The planes themselves were made of wood with fabric covering which was “doped”, that is treated with a lacquer solution to stiffen the cloth. (In fact, it was nitrocellulose which would not have helped in the event of a fire). If that had not been properly applied, the cloth could flap and tear, probably causing an accident. There were no flaps at the edge of the wings – instead the whole wing was twisted, known as wing warping. The wooden frame could break in aerial manoeuvres, again almost certainly causing a crash. Sholto Douglas recalls seeing Mick Mannock managing to land a Nieuport after the lower wing had broken away – a tribute to Mannock’s considerable talent. The crash which killed Gordon Shephard in 1918 seems to have been another instance of the plane breaking up in the air, but this time with fatal results.

Sholto Douglas recalls his encounters with Immelman, Boelcke, von Richthofen and Goering. Indeed, much later he read Boelcke’s account of an encounter that Sholto Douglas had with him and Immelmann in December 1915. Boelcke believed that they had killed Sholto Douglas’ observer, Child, but in fact he had been thrown about so much in the encounter that he was thrown over in the aircraft and was violently sick, vomiting over Sholto Douglas in the rear seat! The RFC aircraft did not have any forward firing guns until 1916, apart from inefficient “pusher” configuration planes. With Douglas’ planes of this era, the observer sat in the front seat and the pilot in the rear. The observer had to fire his Lewis gun backwards, over the pilot’s head, which was useful if they were being pursued but not otherwise. There were also no parachutes, as supposedly a reliable parachute had not yet been invented. This was a lie from the high command, as Sholto Douglas recalls with righteous indignation, as parachutes were available well before WWI.   The “idea” was to stop crews recklessly abandoning their aircraft.

As well as being vomited over by one’s colleagues, the crew would get a face full of flies, especially at low altitude, and be dosed with oil vapour from the engine. The engine oil of the era was castor oil, so there could be unfortunate effects on the digestive system of the crew.

In the book, the author recalls the somewhat bizarre early careers of those who became leaders of the RAF. Trenchard was serving as a Lt Col in the Royal Scots Fusiliers and learnt to fly in his late 30s.
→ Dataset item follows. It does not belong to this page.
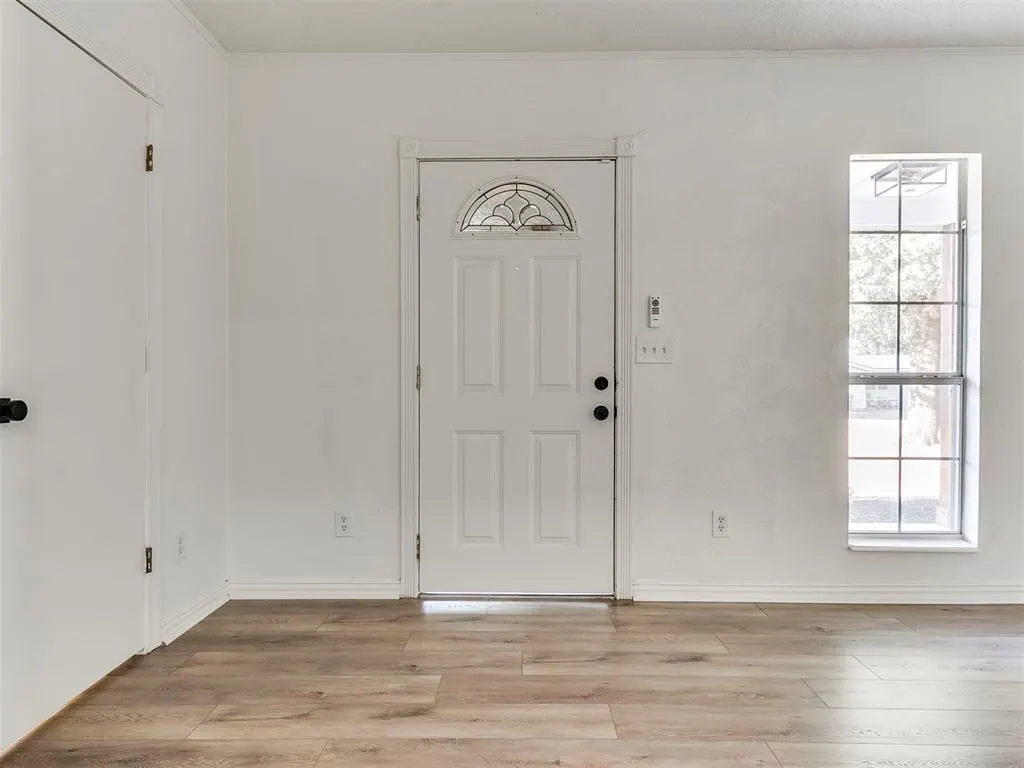 Photo 3 — 514 NW 94th Street, Oklahoma City, OK 73114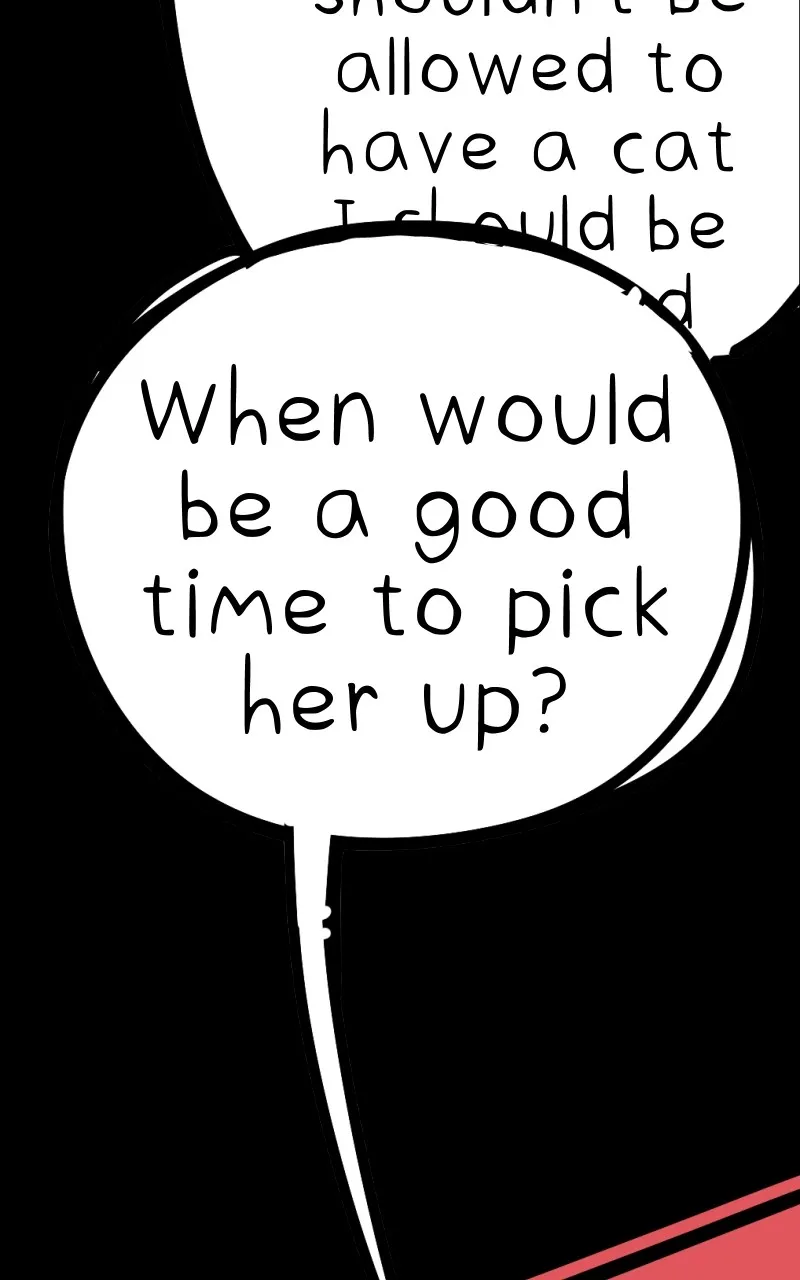 Paperteeth! Chapter 55 page 29 -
Arthur Harris was a bugler in the 1st Rhodesian Regiment and served the first few months of the war in German West Africa. Arthur Tedder was in the colonial civil service in Fiji. Peter Portal started the war as a motorcycle despatch rider. Keith Park was a Kiwi who served in Gallipoli as an NCO. Hugh Dowding was a Scot and had been a captain in the RGA who had learned to fly in 1913 at the age of 31. He transferred to the RFC on the outbreak of WWI.

After the end of WWI, Sholto Douglas left the RAF and worked for Handley Page as a test pilot. He was offered a financial job through family contacts by the famous banker JP Morgan but a chance encounter with “Boom” Trenchard saw him return to the RAF in 1920.

An interesting side issue is that Sholto Douglas’ father was Director of the National Gallery in Dublin during WWI, where Sholto Douglas visited him. In the summer of 1917, he was asked to reconnoitre appropriate sites for airfields in Ireland, and claims the credit for the creation of Aldergrove outside Belfast and Baldonnell near Dublin, both still in use today. He recalls landing his plane in Phoenix Park in Dublin outside what is now the president’s residence, as of course there was no airfield yet in use. He recounts that, if he turned up to recce a site by car in his military uniform, the “corner boys” would jeer and throw stones, but if he arrived by plane and landed in a field, everybody was ecstatically happy to see him! Clearly, it pays to arrive in style.

After retiring from the RAF, Sholto Douglas became chairman of British Airways, as we know it today, in 1949. He died in 1969.

This book is out of print, so if you want to read it you will have to track it down in a secondhand bookshop, online or otherwise. It is certainly an interesting account of the WWI era in the air.